His passion for music and for self-expression is not something he wants to neatly package and sell to the public. His commitment to honesty and non-conformity is evident in his work, which combines different musical genres to create complex attitudes and expressions in a product which is entirely unique.

Thevenot’s music career began at age 15 in Louisiana, when he and some high school friends formed a band named Sugar Jones, cut two tracks at a local studio and got their songs on the Louisiana State University radio station. After hearing his own songs on the radio, the young musician was hooked and knew he had to be a songwriter.

The incredible feeling of that first accomplishment pushed Thevenot to continue writing and performing. He eventually moved to Austin, Texas, to pursue music more deliberately. The band he started, however, fell apart in about a year. He took a year off from music, but couldn’t let go of his long-time dream to make a record.

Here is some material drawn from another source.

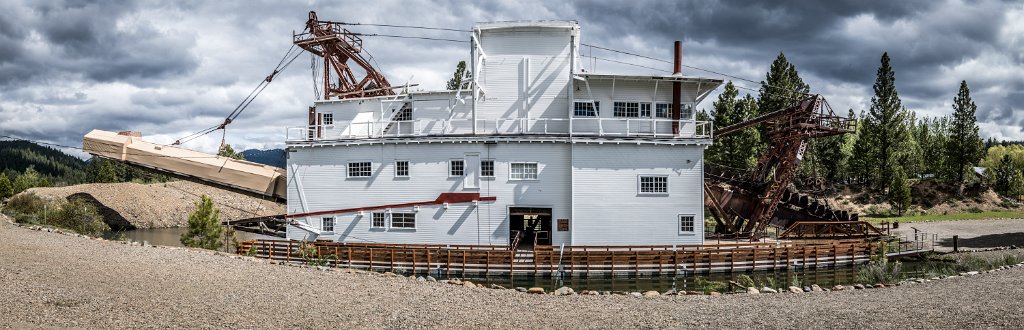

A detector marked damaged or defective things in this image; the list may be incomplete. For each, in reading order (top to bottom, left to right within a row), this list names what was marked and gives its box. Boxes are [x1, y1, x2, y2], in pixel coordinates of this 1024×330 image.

Thevenot decided he had to keep trying, and assembled another group the old-fashioned way — by looking up players in the local newspaper. This new group recorded a CD called “The Push” and played numerous gigs in Austin. However, Thevenot soon discovered the difficulties of keeping a band together in a fairly unreceptive environment. Not wanting to conform Sugar Jones to fit in with the “road rock” music popular in Texas at the time, Thevenot grew frustrated with what he deemed were the only outlets for his music. This band too dissolved, and by that point, he was fed up and discouraged.

Thevenot moved to Washington, D.C. with $200 to his name and lived in his uncle’s basement. Leaving his music behind turned those years into a cold and unfulfilling existence for Thevenot, who felt uncreative, uninspired and lost. Self-doubt and confusion flooded his mind as he struggled with questions of where his life was going. Ironically, it was hearing Jeff Buckley’s powerful song “Grace” that convinced Thevenot that he could never make it as a musician: The music was so profound and deeply honest that the young songwriter couldn’t imagine himself creating something that moving and real. He fell into a deep depression and his dreams of recording another record seemed lost.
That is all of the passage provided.